Could TV or other electronics test cheating happen here?
We don't know—and more testing will be required to determine that. However, as I address later in this blog, there are safeguards in place to try to ensure the answer is "no."
Although televisions sold in Europe may not be the same as models on America's shelves, we can't totally rule out the possibility of similar issues here. With over 300 million TVs in the United States, the impact could be significant if one or more manufacturers cheated the test to show lower energy consumption than is actually occurring.

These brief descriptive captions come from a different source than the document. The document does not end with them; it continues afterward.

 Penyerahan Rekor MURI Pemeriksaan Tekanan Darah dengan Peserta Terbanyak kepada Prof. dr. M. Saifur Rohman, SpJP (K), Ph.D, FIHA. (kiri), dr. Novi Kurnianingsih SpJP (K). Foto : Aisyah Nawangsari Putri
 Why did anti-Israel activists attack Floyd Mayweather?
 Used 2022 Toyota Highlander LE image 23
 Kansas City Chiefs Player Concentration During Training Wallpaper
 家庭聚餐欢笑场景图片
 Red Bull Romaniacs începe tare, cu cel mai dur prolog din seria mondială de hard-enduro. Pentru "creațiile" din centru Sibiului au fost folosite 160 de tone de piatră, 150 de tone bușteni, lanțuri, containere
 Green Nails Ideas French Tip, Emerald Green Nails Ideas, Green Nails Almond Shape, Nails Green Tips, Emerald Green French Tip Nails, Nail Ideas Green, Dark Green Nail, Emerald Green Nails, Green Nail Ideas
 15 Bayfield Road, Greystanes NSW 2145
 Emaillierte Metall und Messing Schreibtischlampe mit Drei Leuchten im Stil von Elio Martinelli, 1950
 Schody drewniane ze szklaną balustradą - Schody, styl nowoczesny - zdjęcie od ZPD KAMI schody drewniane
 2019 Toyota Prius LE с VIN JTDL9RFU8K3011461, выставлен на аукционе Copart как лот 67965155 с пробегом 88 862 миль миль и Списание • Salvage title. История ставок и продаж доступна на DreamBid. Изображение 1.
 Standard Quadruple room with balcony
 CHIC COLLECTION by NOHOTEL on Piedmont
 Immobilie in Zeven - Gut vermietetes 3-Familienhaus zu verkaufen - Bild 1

After all, TVs in the United States, alone, consume several billion dollars a year worth of electricity.
Given the presence of advanced controls—and in some cases a mini-computer—inside many of today's electronics and other products, the potential increases dramatically for mischief by unscrupulous manufacturers to include "smarts" that allow a device to detect when a test is occurring and to then have the unit go into a special mode to temporarily reflect lower energy use and/or pollution levels
Such practices result in an unfair advantage for the manufacturer, higher than expected electricity bills for consumers who think they've made a smart energy choice, as well as increased emissions of harmful pollutants from power plants into the environment.
These "cheatergate" events must serve as wakeup call to all involved and should result in additional testing by regulators around the world, coupled by issuance of strict fines where non-compliance has been documented. In the United States, events like this also underscore the problems of having the budgets cut of regulatory agencies charged with enforcement. One of the most egregious examples is the Burgess Amendment that prohibits the Department of Energy (DOE) from spending money to enforce its efficiency standards for everyday light bulbs.
Meanwhile, NRDC is in the midst of testing new ultra high-definition (UHD) TVs, also referred to as 4K TV, for their energy use and saw what appears to be unusual behavior in one of the models sold in the United States. If further testing confirms the TV is outsmarting the test, it creates an unfair advantage for the manufacturer whose TV falsely appears to be superior from an environmental view, and results in consumers being ripped off.
Unfortunately, cheating during a test through the use of defeat devices or other techniques is not a new phenomena when it comes to appliances and electronics. For example, in 2009 the major appliance manufacturer LG was required by DOE to remove the ENERGY STAR label from 10 of its refrigerator models, plus 10 LG-made Kenmore models, as they were found to have installed software to detect the unique conditions that occur during the official DOE energy use test. This caused these models to enter a special mode during testing that resulted in much lower energy use. This proved quite costly to LG as they were no longer eligible for the hundreds of millions of dollars available for rebates for ENERGY STAR-qualified models.
Safeguards against cheating
Despite well-publicized events like the VW scandal, there are many elements in place to prevent this type of deception from becoming more widespread. Most notably there is a long history of manufacturers testing their competitors' products and reporting false claims or testing anomalies to regulatory officials.
In addition, government agencies such as the U.S. Environmental Protection Agency perform routine market surveillance testing to verify that the products claiming to meet the energy efficiency requirements under their ENERGY STAR labelling program are performing as promised.
Other U.S. agencies such as the Federal Trade commission (FTC) and DOE have stepped up enforcement activity and issued fines for false reporting of product energy use. In addition, we encourage regulators around the world to share the results of significant under-reporting of energy use or cheating that may be occurring. If Company X is cutting corners on the products it sells in one part of the world, there is a high likelihood it's doing the same elsewhere.
Cutting energy waste in our products has resulted in hundreds of billions of dollars of savings for consumers and businesses, and we are on track to avoid the need for more than 100 large coal power plants in the future—and the carbon pollution they would have emitted.
Let's make sure America's government agencies have the funds and staff to do the necessary testing and enforcement to catch the cheaters and bring them to justice, and ensure the efficiency train continues to deliver all the important benefits it is capable of bringing us.